** Material for the task follows **
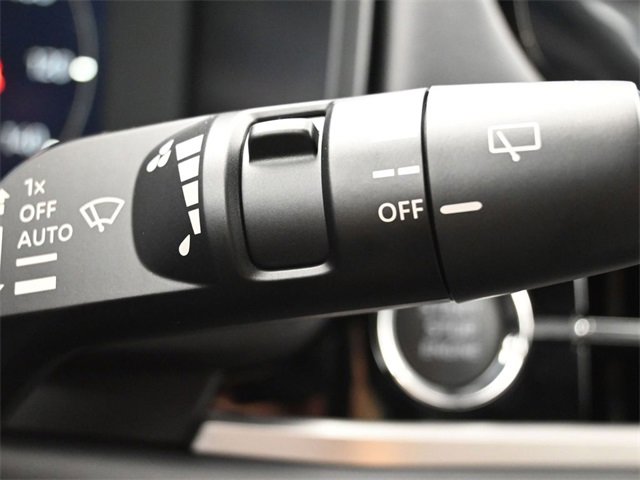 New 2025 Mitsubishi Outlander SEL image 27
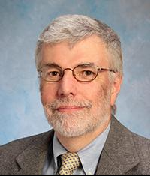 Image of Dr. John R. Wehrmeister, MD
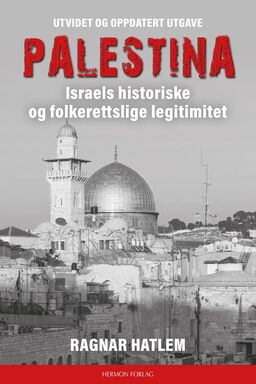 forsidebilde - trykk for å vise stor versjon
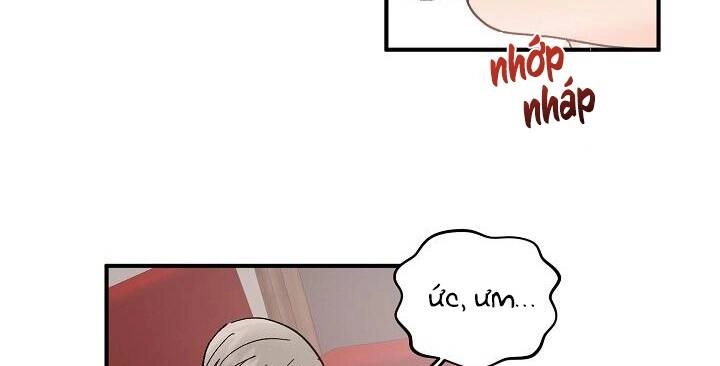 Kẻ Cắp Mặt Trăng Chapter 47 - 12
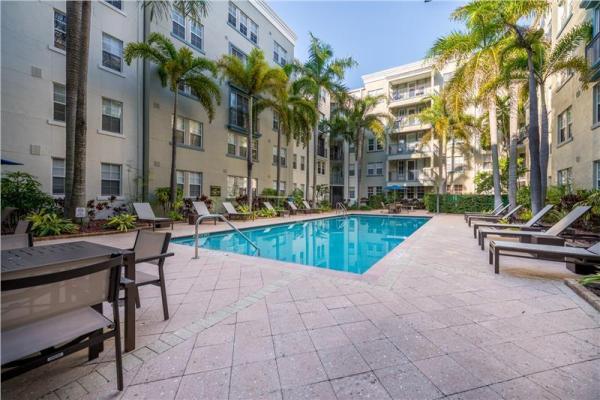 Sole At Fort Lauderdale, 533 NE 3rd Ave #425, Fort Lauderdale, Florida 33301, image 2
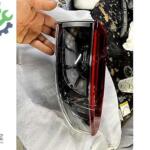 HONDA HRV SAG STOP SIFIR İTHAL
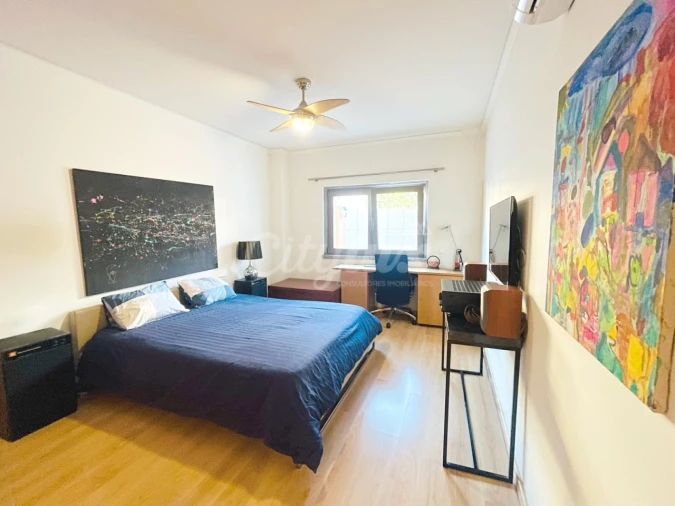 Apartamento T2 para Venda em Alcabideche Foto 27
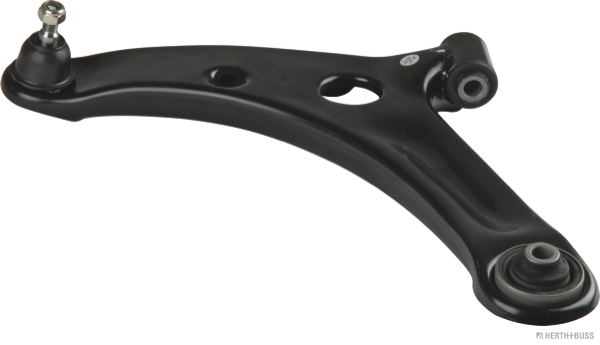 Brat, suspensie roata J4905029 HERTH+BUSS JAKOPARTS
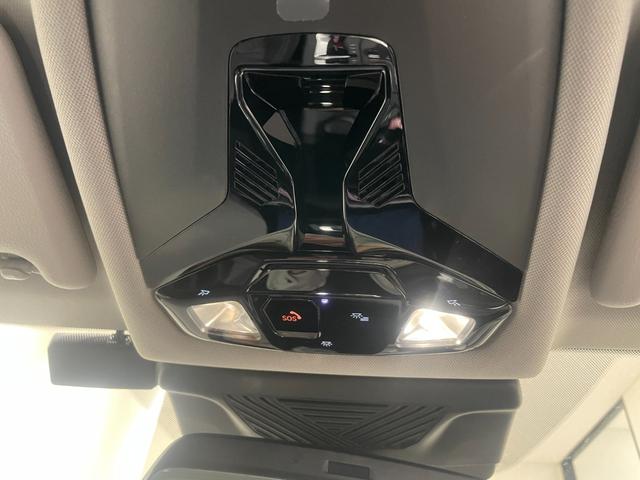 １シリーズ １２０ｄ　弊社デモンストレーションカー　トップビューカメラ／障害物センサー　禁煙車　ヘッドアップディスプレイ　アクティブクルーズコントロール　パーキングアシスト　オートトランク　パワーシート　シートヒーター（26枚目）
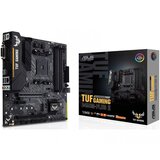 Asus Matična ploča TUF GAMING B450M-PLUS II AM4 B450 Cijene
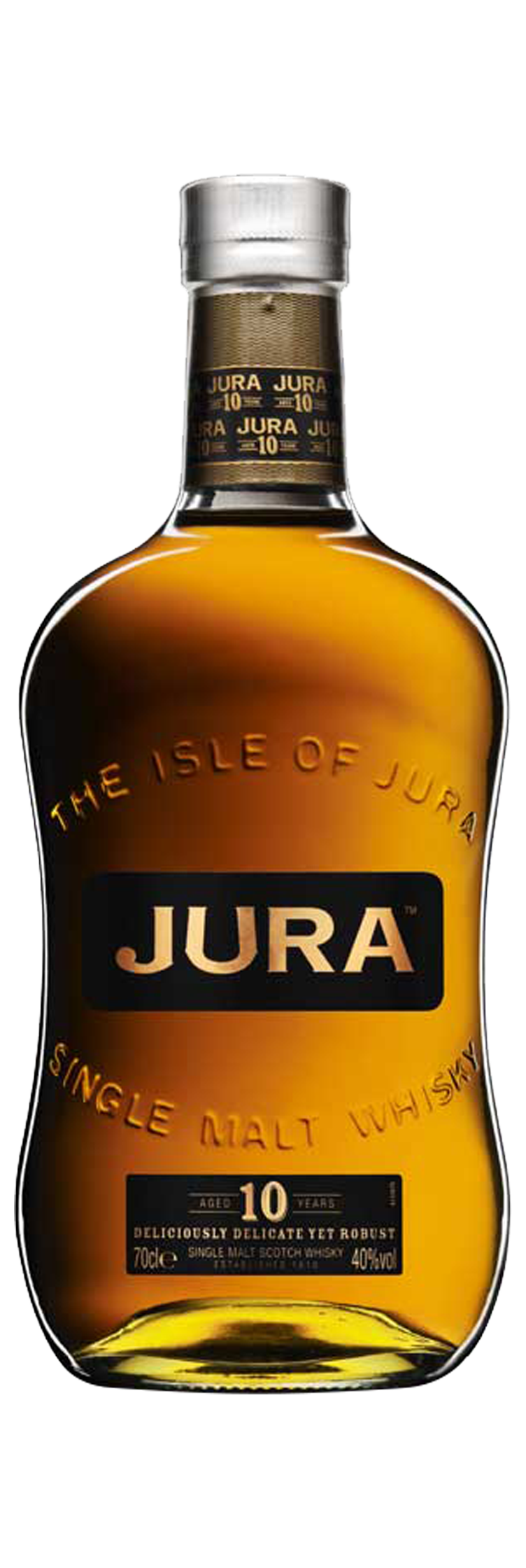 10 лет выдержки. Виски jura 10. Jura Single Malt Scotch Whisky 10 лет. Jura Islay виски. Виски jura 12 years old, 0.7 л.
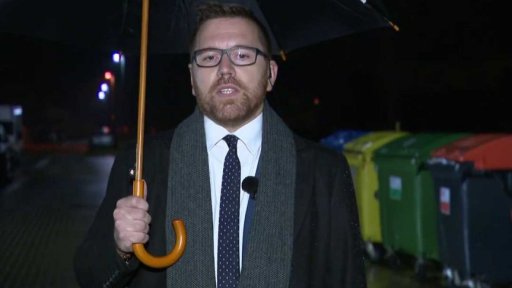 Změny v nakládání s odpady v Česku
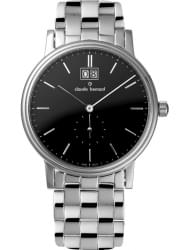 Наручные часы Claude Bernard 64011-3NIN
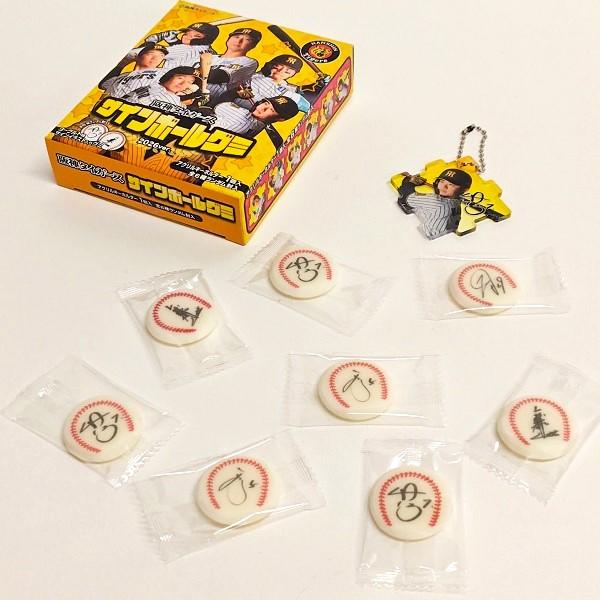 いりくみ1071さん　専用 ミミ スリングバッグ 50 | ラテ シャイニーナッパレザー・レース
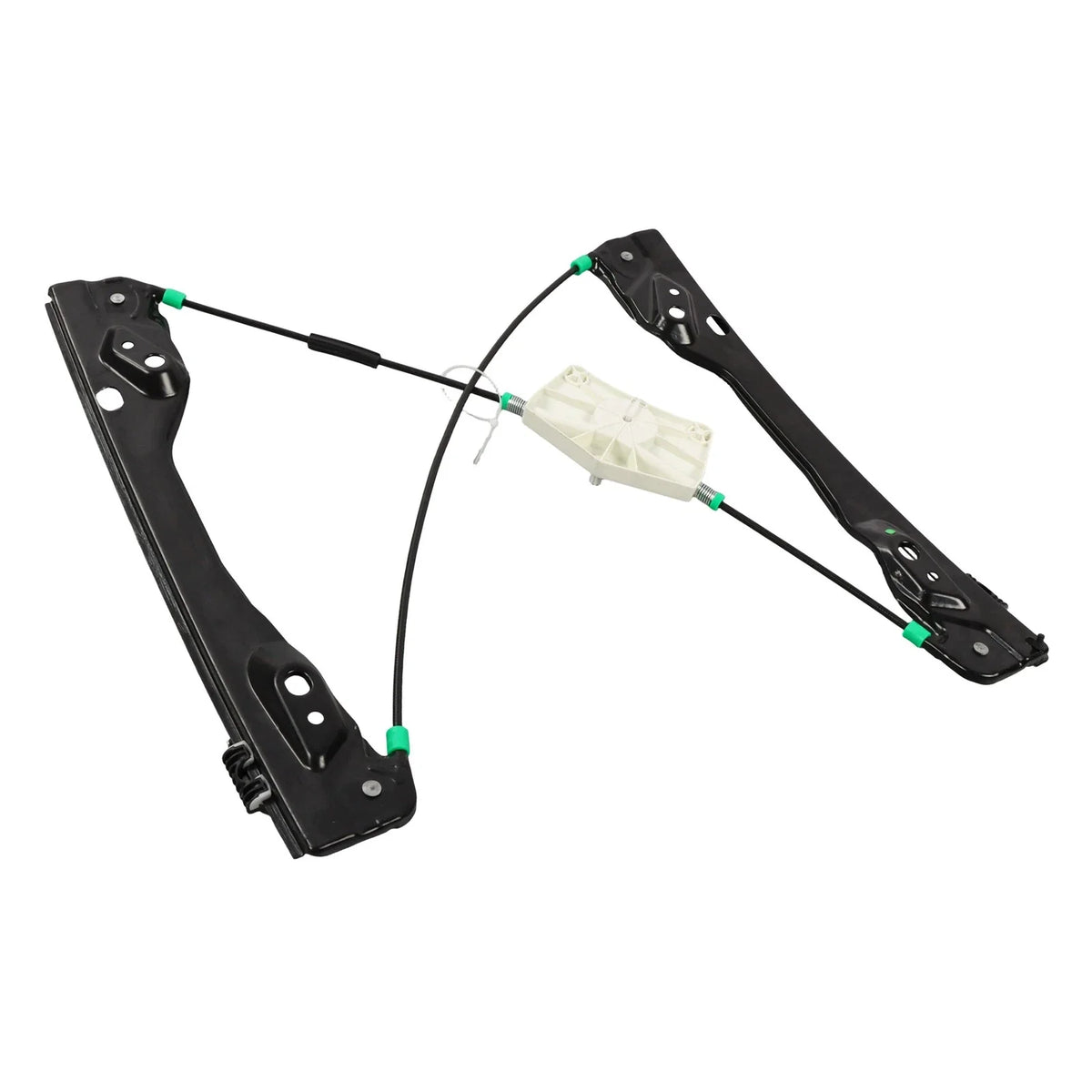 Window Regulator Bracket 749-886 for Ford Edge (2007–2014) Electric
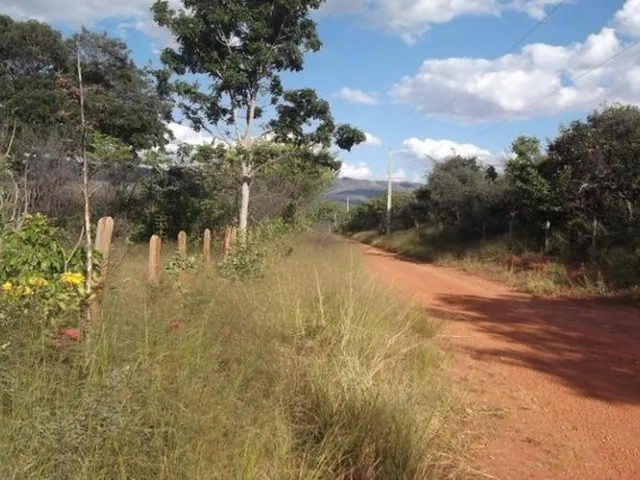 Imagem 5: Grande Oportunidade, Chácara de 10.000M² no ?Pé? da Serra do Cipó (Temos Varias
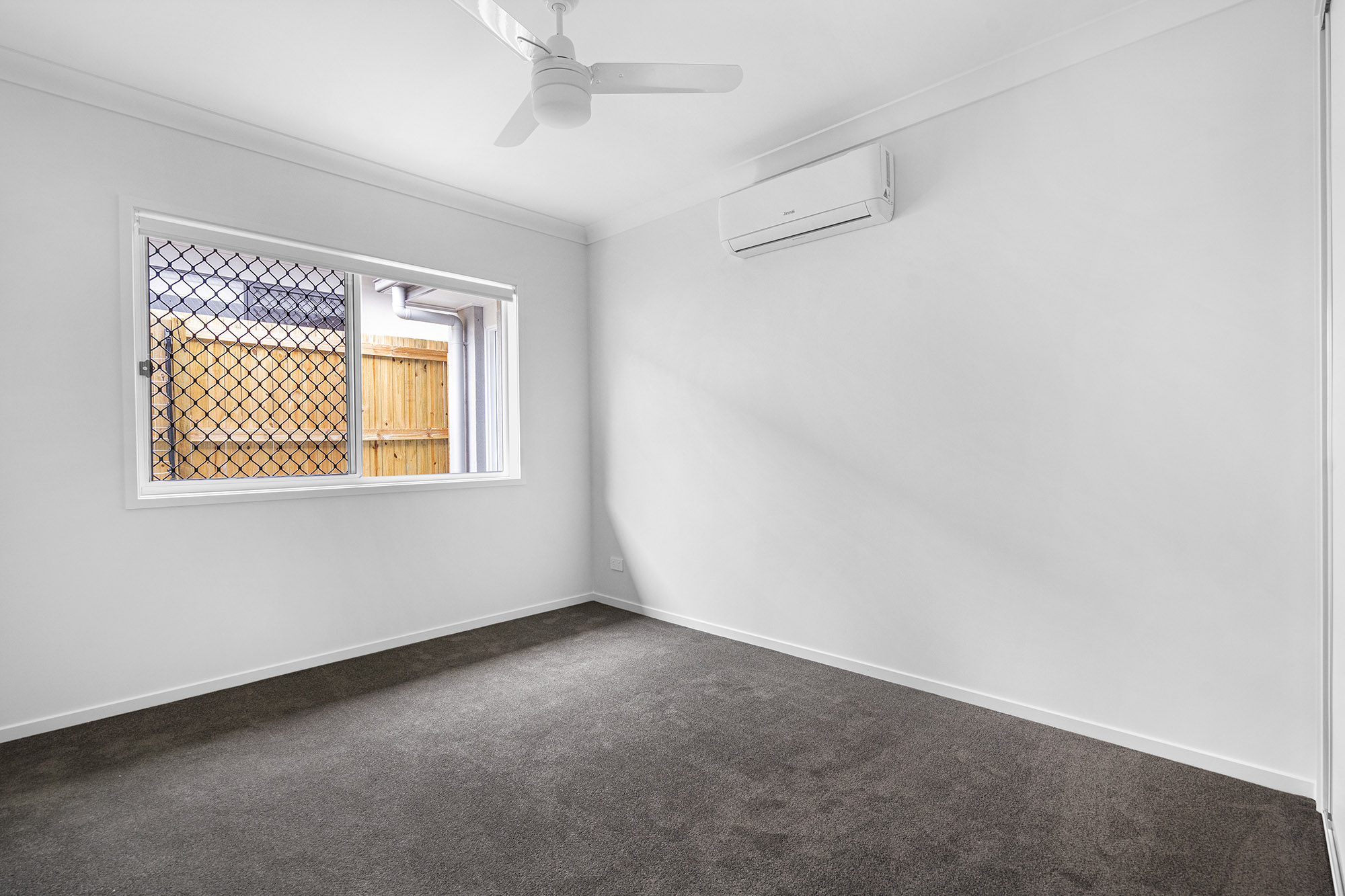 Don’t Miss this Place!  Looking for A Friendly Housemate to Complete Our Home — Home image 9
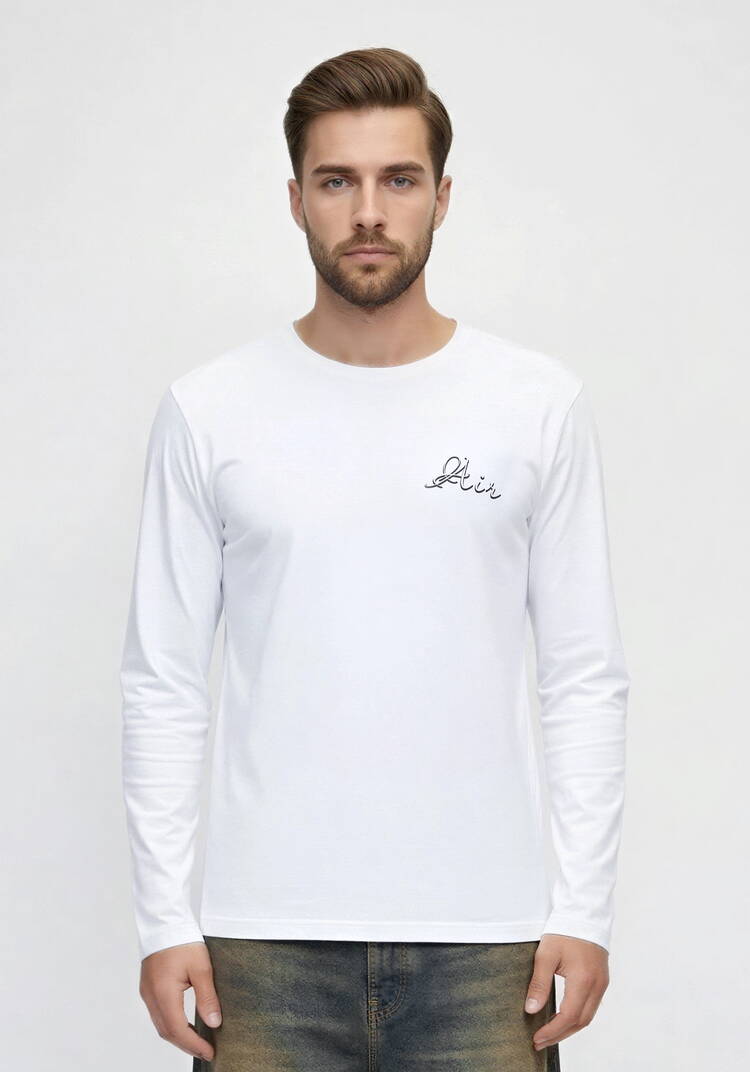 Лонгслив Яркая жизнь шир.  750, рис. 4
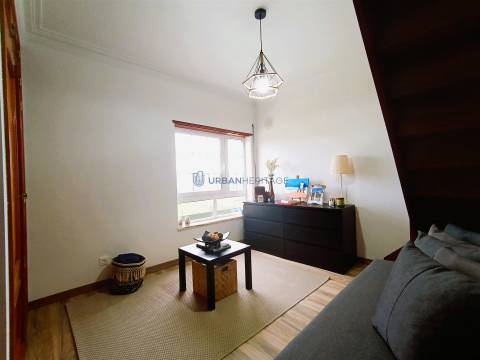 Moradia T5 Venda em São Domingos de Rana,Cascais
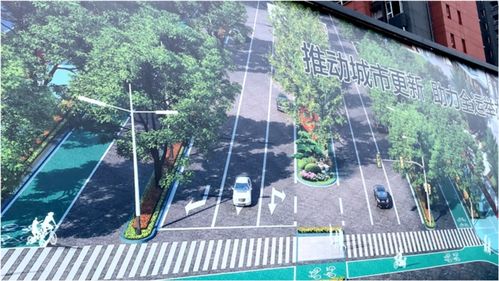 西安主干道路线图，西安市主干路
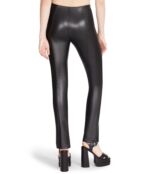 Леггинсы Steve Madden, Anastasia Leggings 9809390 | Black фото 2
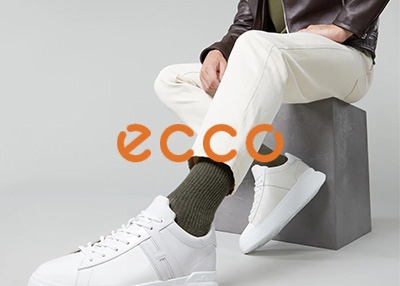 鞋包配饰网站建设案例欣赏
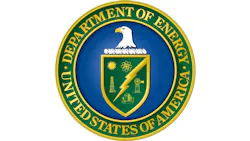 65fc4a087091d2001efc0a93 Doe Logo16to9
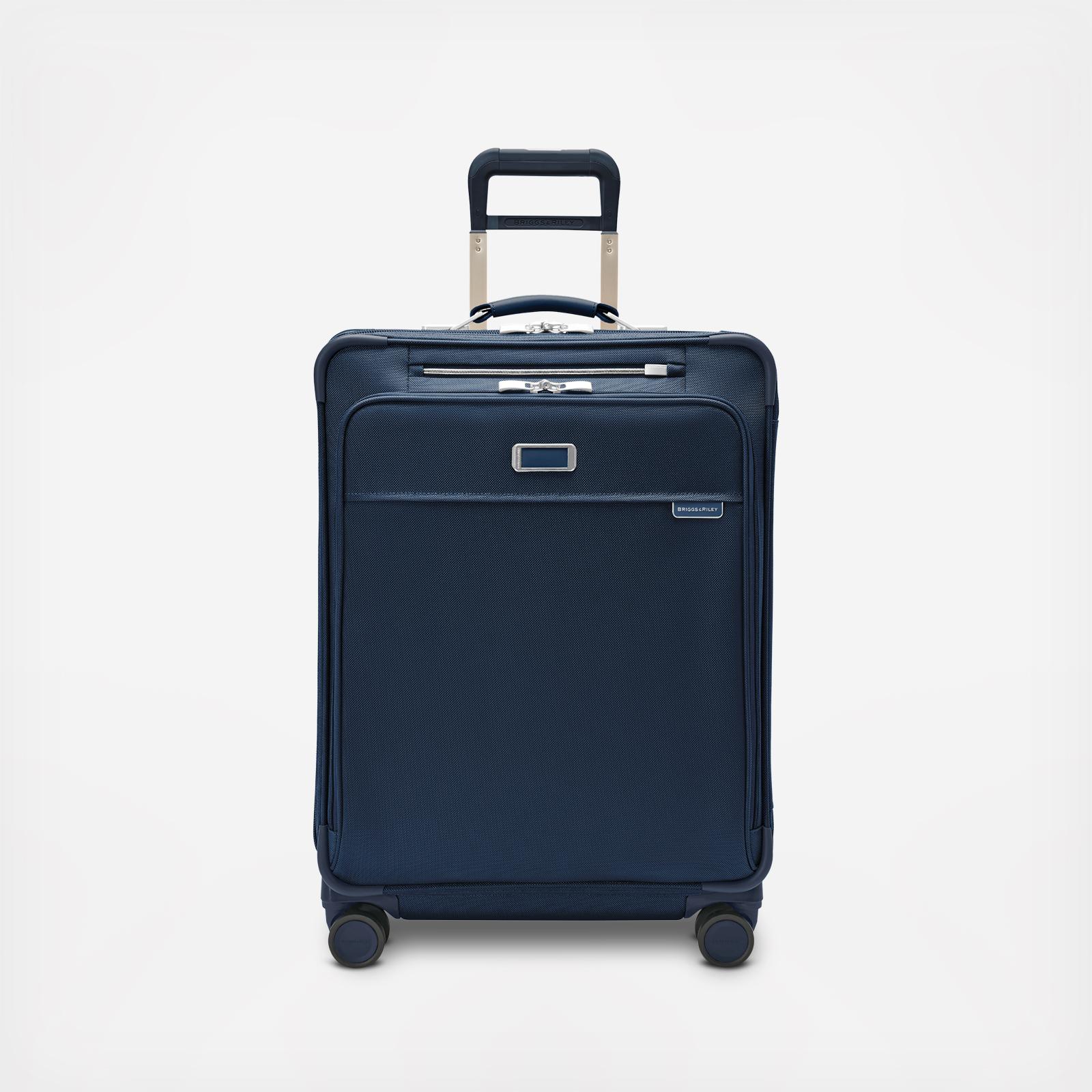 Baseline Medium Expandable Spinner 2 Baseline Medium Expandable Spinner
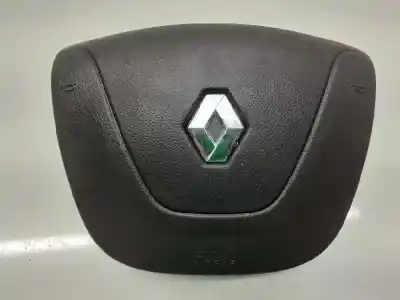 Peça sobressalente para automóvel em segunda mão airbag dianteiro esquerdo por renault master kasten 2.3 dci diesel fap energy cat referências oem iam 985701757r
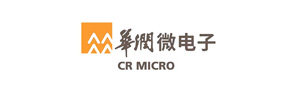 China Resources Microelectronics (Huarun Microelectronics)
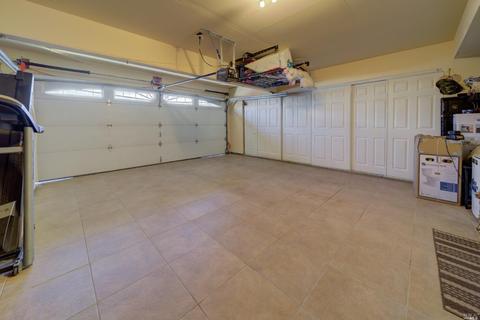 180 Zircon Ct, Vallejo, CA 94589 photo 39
** End of Material for the task **
Aim of the task — Write out the material above precisely, leaving each picture behind.

Result —
 New 2025 Mitsubishi Outlander SEL image 27
 Image of Dr. John R. Wehrmeister, MD
 forsidebilde - trykk for å vise stor versjon
 Kẻ Cắp Mặt Trăng Chapter 47 - 12
 Sole At Fort Lauderdale, 533 NE 3rd Ave #425, Fort Lauderdale, Florida 33301, image 2
 HONDA HRV SAG STOP SIFIR İTHAL
 Apartamento T2 para Venda em Alcabideche Foto 27
 Brat, suspensie roata J4905029 HERTH+BUSS JAKOPARTS
 １シリーズ １２０ｄ　弊社デモンストレーションカー　トップビューカメラ／障害物センサー　禁煙車　ヘッドアップディスプレイ　アクティブクルーズコントロール　パーキングアシスト　オートトランク　パワーシート　シートヒーター（26枚目）
 Asus Matična ploča TUF GAMING B450M-PLUS II AM4 B450 Cijene
 10 лет выдержки. Виски jura 10. Jura Single Malt Scotch Whisky 10 лет. Jura Islay виски. Виски jura 12 years old, 0.7 л.
 Změny v nakládání s odpady v Česku
 Наручные часы Claude Bernard 64011-3NIN
 いりくみ1071さん　専用 ミミ スリングバッグ 50 | ラテ シャイニーナッパレザー・レース
 Window Regulator Bracket 749-886 for Ford Edge (2007–2014) Electric
 Imagem 5: Grande Oportunidade, Chácara de 10.000M² no ?Pé? da Serra do Cipó (Temos Varias
 Don’t Miss this Place!  Looking for A Friendly Housemate to Complete Our Home — Home image 9
 Лонгслив Яркая жизнь шир.  750, рис. 4
 Moradia T5 Venda em São Domingos de Rana,Cascais
 西安主干道路线图，西安市主干路
 Леггинсы Steve Madden, Anastasia Leggings 9809390 | Black фото 2
 鞋包配饰网站建设案例欣赏
 65fc4a087091d2001efc0a93 Doe Logo16to9
 Baseline Medium Expandable Spinner 2 Baseline Medium Expandable Spinner
 Peça sobressalente para automóvel em segunda mão airbag dianteiro esquerdo por renault master kasten 2.3 dci diesel fap energy cat referências oem iam 985701757r
 China Resources Microelectronics (Huarun Microelectronics)
 180 Zircon Ct, Vallejo, CA 94589 photo 39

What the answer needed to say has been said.